What do you call yourself when you talk to yourself? Some people don’t think they do talk to themselves but everybody does. I call myself “Kiddo” although I haven’t been anything like a kid in far more than half a century. Somehow it sounds somewhat affectionate to me, and encouraging, exactly the tone I would have liked to take if I had thought about it but I never did. It has always been Kiddo.
I asked one of my clients what she called herself when she talked to herself and she said “Fat Ass”. I was horrified and could barely keep from gasping out “Well, right there’s all your problems rolled into one.” I shudder to think what her upbringing or her marriagemight be like.
There are two classic ways of motivating oneself to do anything – the stick and the carrot. Think of a donkey who can be extremely stubborn. With a stick to beat his behind one can perhaps get him to move on. Those people who use the stick form of motivation on themselves do figuratively the same thing. “Fat Ass” certainly did: “If you don’t close this sale/pass this test/make your sex partner moan and groan better than anyone else ever has you’re a loser. You’ll be humiliated. No one will ever love you” and on and on trying to scare yourself into accomplishing whatever the job is to be done.
Others keep that stubborn donkey moving by dangling a carrot on a stick in front of his nose. “Keep going and you’ll be rewarded by getting to munch on this big juicy carrot!” So “close that sale/pass that test/ make your partner moan and groan and you’ll be a hero, a success. Everyone will love you.”
I have always favored the carrot form of motivation myself. Could you tell? I motivate myself, my family and friends, and my clients by reminding me or them of the rewards to be had by doing whatever it is. For instance, I have always known the unpleasantries ofsmoking because my mother never failed to tell me that I smelled like a dirty ashtray. This was years before smoking was targeted as a health hazard and years after I was suspended from boarding school for smoking. I smoked from the age of 14 until my mid-forties. I couldn’t even imagine being a non-smoker.

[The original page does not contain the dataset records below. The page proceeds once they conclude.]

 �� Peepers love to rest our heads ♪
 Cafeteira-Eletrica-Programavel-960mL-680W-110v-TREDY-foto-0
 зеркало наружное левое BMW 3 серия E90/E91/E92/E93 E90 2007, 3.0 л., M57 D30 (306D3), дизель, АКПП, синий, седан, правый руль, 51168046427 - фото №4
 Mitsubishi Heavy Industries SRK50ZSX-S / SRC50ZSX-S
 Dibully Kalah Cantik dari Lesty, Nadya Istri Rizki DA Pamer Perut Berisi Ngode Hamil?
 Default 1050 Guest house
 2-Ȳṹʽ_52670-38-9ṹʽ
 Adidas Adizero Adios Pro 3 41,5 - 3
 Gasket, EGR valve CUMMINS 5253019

In the 1980’s I had a radio show on KRQR in San Francisco. I answered callers’ questions on sex and relationships and I also read the commercials. One of which was for a non-smoking program. Of course I smoked all during the two hours including the times I read the commercials. “You too (puff) can stop smoking (puff). It’s easy (puff).”

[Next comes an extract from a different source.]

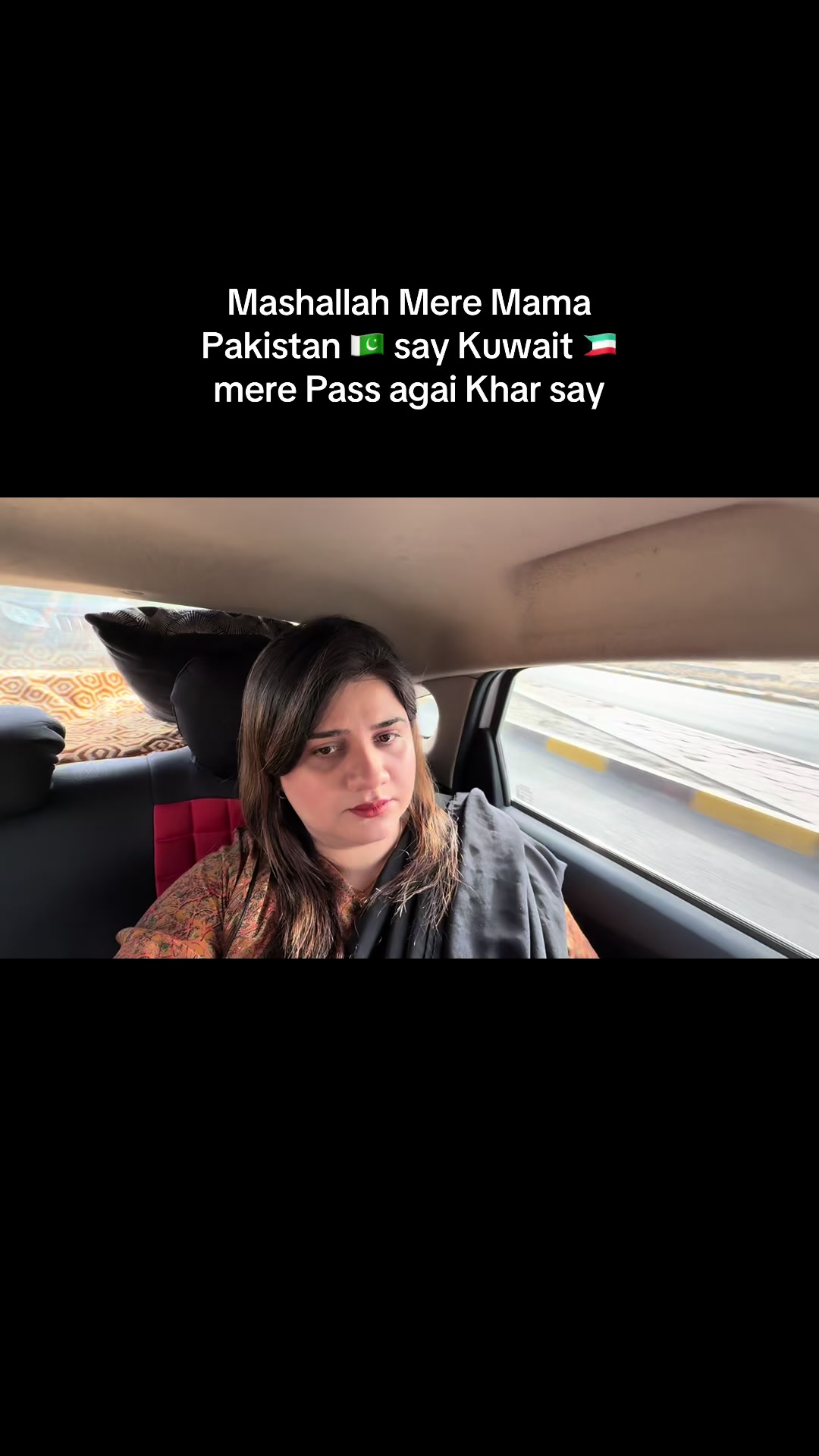 @Sweeti G Lahori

A listener wrote me a letter saying essentially that everyone could hear me smoking when I read the commercial copy. How could my listeners believe anything I said if I was so two-faced? Wasn’t I embarrassed? Reading that letter I was, and for the first time ever I seriously thought about quitting. Not because it was unhealthy, not because everything I wore including the hair on my head smelled unattractively of stale smoke, not because the habit was becoming increasingly expensive, although these were all good reasons, but because I thought of myself as a sex and relationships educator and I wanted to be a credible source of information.
Two weeks later I quit cold turkey and for good. Embarrassment is a damn good motivator too. But it was mostly that I had a great deal invested in my role as an educator and that was my motivation, my carrot, that I would be seen as someone who could be counted on to be honest.
When a counseling client tells me she is afraid of reaching out to new people or isn’t enjoying sex with his or her sweetheart I tell them how they’re internal dialogue must be going: “There’s an attractive person I could go over and talk to. But what if s/he rejects me? After all I have crooked teeth and I probably have a stain on my shirt and there are many more attractive people here so why would s/he talk to me.” In bed a person might say “I have to acquit myself admirably. I must or my lover will lose interest, joke about me to friends, tell everyone what a dud I am, probably even leave me!”
Clients invariably smile in recognition. People who consistently scare themselves or berate themselves often accompanied by insulting nicknames are easy to spot. A habit like this undoubtedly started as a kid and is deeply ingrained but like any habit, even smoking, you can change it. Be kinder to yourself and speak to yourself as you would to a dear friend. If you can’t be a friend to yourself who else will be?
Notice how your internal dialog goes when next you are faced with some task. Is it “you can do it” or “you better not fail”? Do you use your name, a private nickname, or an insult when you talk to yourself?
I strongly suggest you make some changes if you’re not satisfied with your internal conversations. Life will be a lot less stressful. You can do it, Kiddo, Ace, Cutie Pie. I know you can.